Josephine (or Josie; or Jos; or Monzon; or Egay ---> *evil grin* Just kidding) and I had one of our rare "daldalan sessions" this afternoon (Chinese class, to be exact; we had our "kou shi" test, so we didn't do much afterward).
We were discussing a lot of stuff. Boys, girlfights, backstabbers, school, scandalous blogs (*ahem ahem*), multiple personalities (*ahem ahem* part II), the distinction between real and fake friends, etc. etc. etc. Basically, we had a really long, deep, serious (with a good amount of laughs here and there) conversation.
First of all, lemme tell you something about our friendship. It's not typical. Sometimes we have "tampo" phases, and other times we get along reaaalllyy well, which happens most of the time. We mostly have the same views about people, especially our classmates, and that's one thing I don't have in common with most other people. I also unleash the psychologist in me whenever I talk to this girl. We like to analyze people and tear them down to bits and pieces (not in a bad way, of course). I mean, we like to figure out why this person did this and why this person did that. It's like making another one of our Character Sketches in English class last year. Also, meron akong karamay sa aking mga "issue". Pagdating sa mga crush, sa kanya lang talaga ako nag-co-confide and vice versa. She told me that hindi rin daw niya alam kung bakit niya nasasabi sakin yung kanyang mga "secret" kuno. LOL. Ako rin naman ganun. I feel like we have this bond of trust na sa kanya ko lang talaga nahanap. I can really be myself whenever I'm around her kasi kapag I feel so mayabang and ma-pride na at times, she knows how to insult (wrong word choice, but it works) me. Edi yun. I go back to normal ulit. Para bang she's one of the few people who makes me stay grounded all the time. ;-)

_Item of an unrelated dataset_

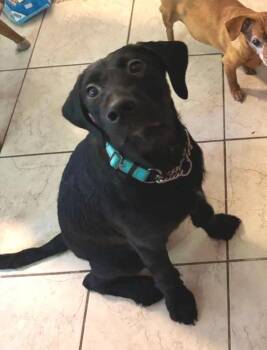Billy -  Labrador Retriever and Standard Poodle Dog for Adoption in Rootstown, Ohio - Billy | PetCurious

Oo nga pala. We started being close friends last year. Nung kaharap ko siya sa Chinese. We naturally became each other's confidantes. We told each other eveything! We still do. This year, though, medyo 'di na kami nagkakausap kasi nga super busy kaming dalawa tsaka malayo na yung seating arrangement namin. Kanina lang talaga kami nag-catch up sa mga happenings ng sucky lives namin. Hahahahaha. Jokejokejoke. It was very nice talking to her again. I felt like I found my real personality once more. Why? Because when I'm with my other "pwends", I feel left out sometimes. Like I'm invisible or something. Anywaaaaay, don't mind about that.
Nasanay na 'ko feeling that way.
6 years of elementary + 2 years of kindergarten + 1 year of nursery + a lot of days in between high school = a lifetime's worth of invisibility.
Don't feel sorry for me, though. I like my life. I'm not suicidal, that's for sure.
On my way to HERE, I've discovered a lot of things about people. I've realized how to accept them as they are (super cliche, 'no?). I'm not saying na mahal ko na silang lahat. No waaay. I don't like most people (yes, I'm picky) pero I don't make war naman. Bahala na lang sila. If they don't mess with me, then it's all good.
So anyway, I'm rambling na. Hanggang dito muna. Baka ma-bore na kayo sa kakabasa. LOLsss.